→ **DATASET EXTRACT**:
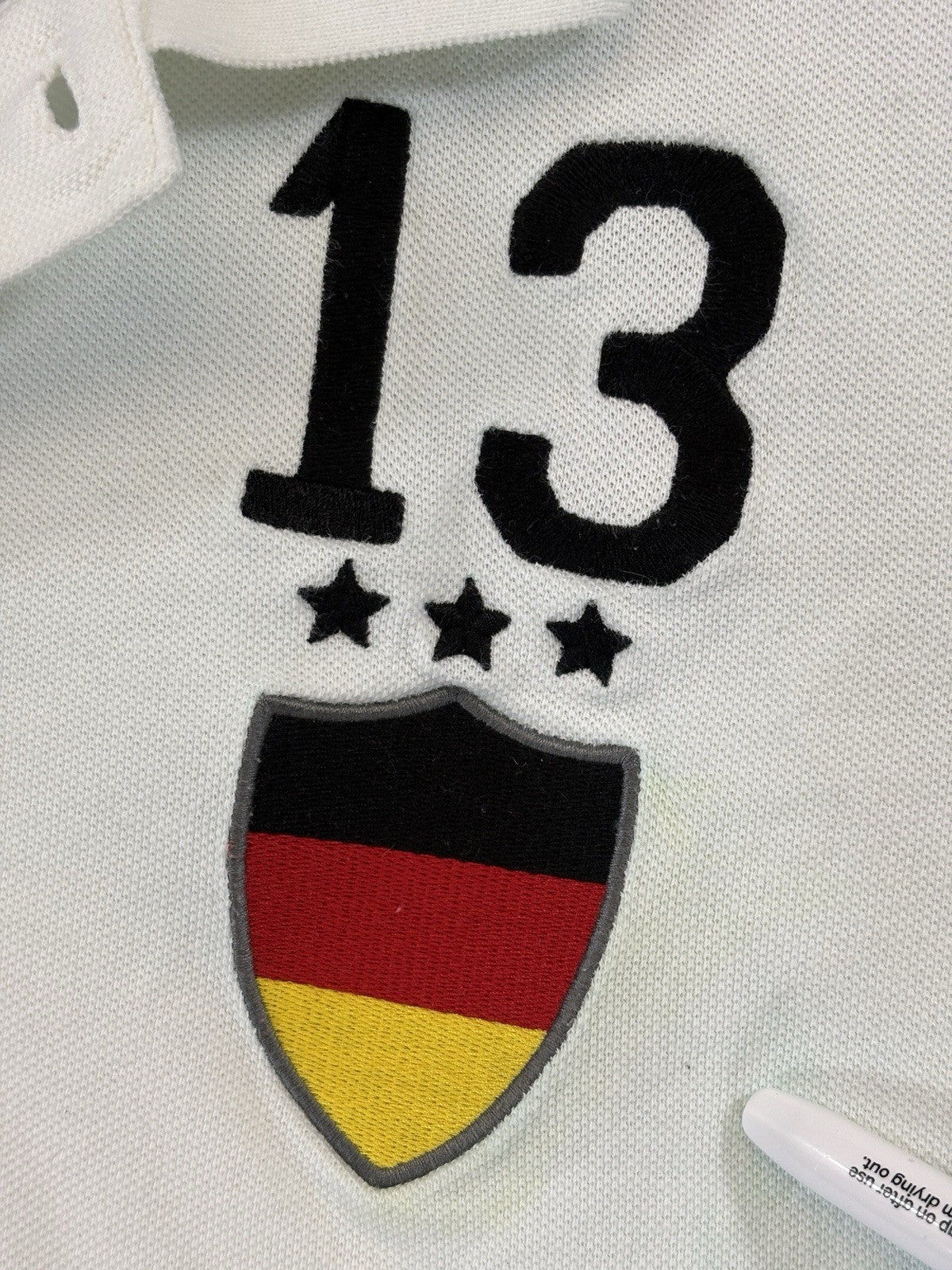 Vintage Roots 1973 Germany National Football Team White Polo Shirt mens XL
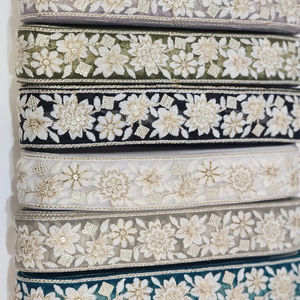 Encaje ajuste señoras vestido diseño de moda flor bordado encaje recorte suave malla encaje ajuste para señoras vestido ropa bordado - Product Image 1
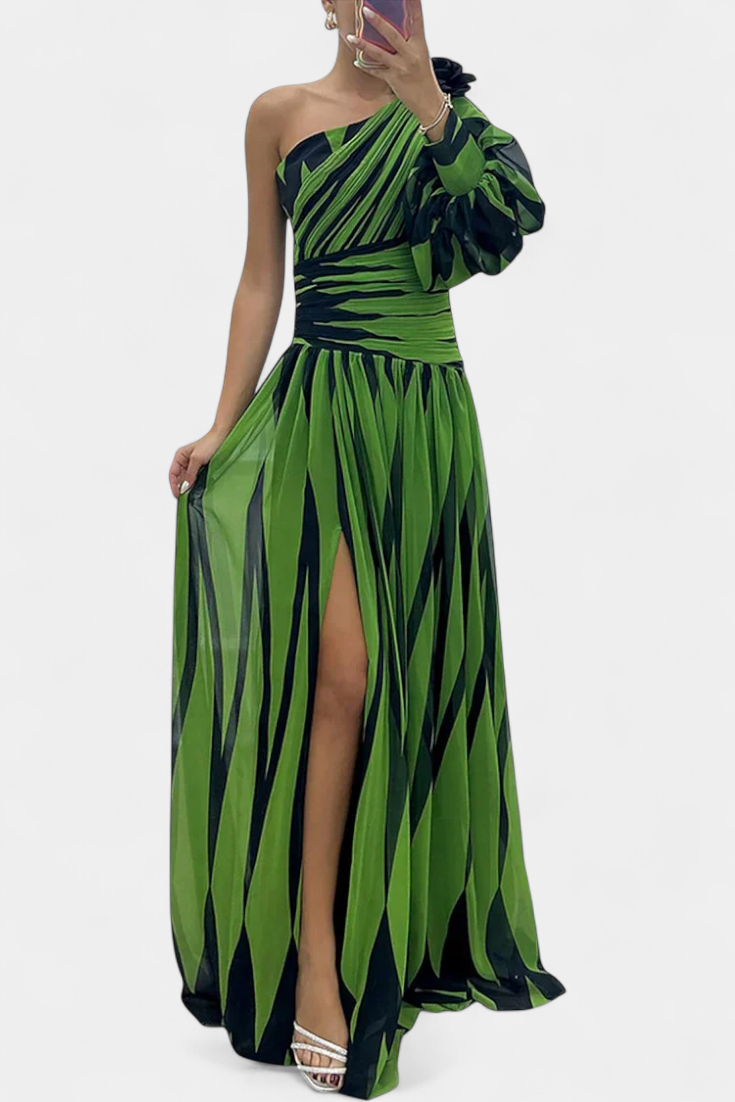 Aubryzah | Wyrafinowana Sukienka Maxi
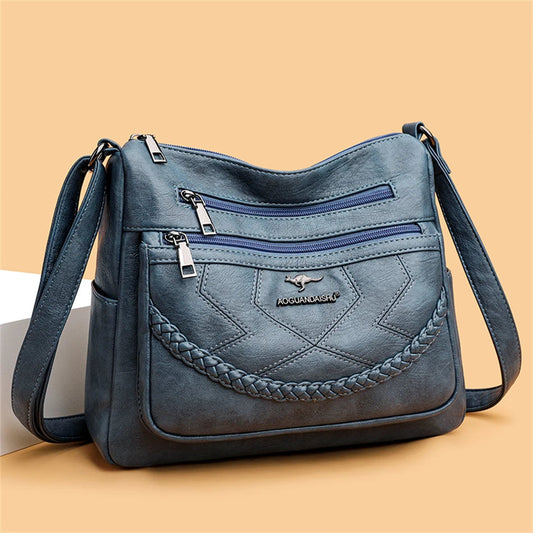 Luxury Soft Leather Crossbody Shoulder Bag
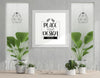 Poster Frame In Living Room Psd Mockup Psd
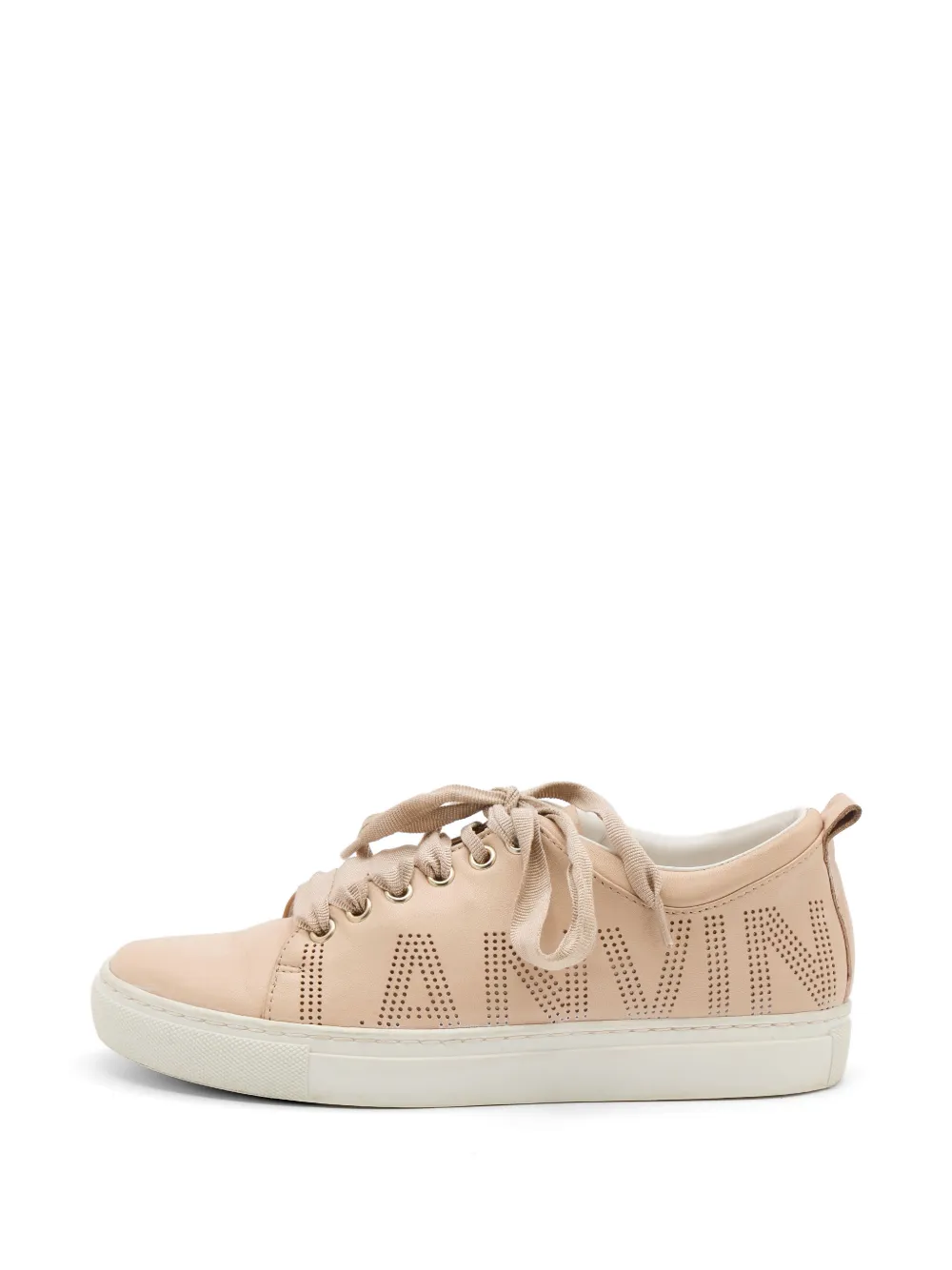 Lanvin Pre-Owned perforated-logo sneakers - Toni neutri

→ **EXERCISE DETAILS**:
Every line from the one containing "Encaje ajuste señoras" through the end of the entries above is to be copied exactly; pictures are to be left out.

→ **RESPONSE**:
 Encaje ajuste señoras vestido diseño de moda flor bordado encaje recorte suave malla encaje ajuste para señoras vestido ropa bordado - Product Image 1
 Aubryzah | Wyrafinowana Sukienka Maxi
 Luxury Soft Leather Crossbody Shoulder Bag
 Poster Frame In Living Room Psd Mockup Psd
 Lanvin Pre-Owned perforated-logo sneakers - Toni neutri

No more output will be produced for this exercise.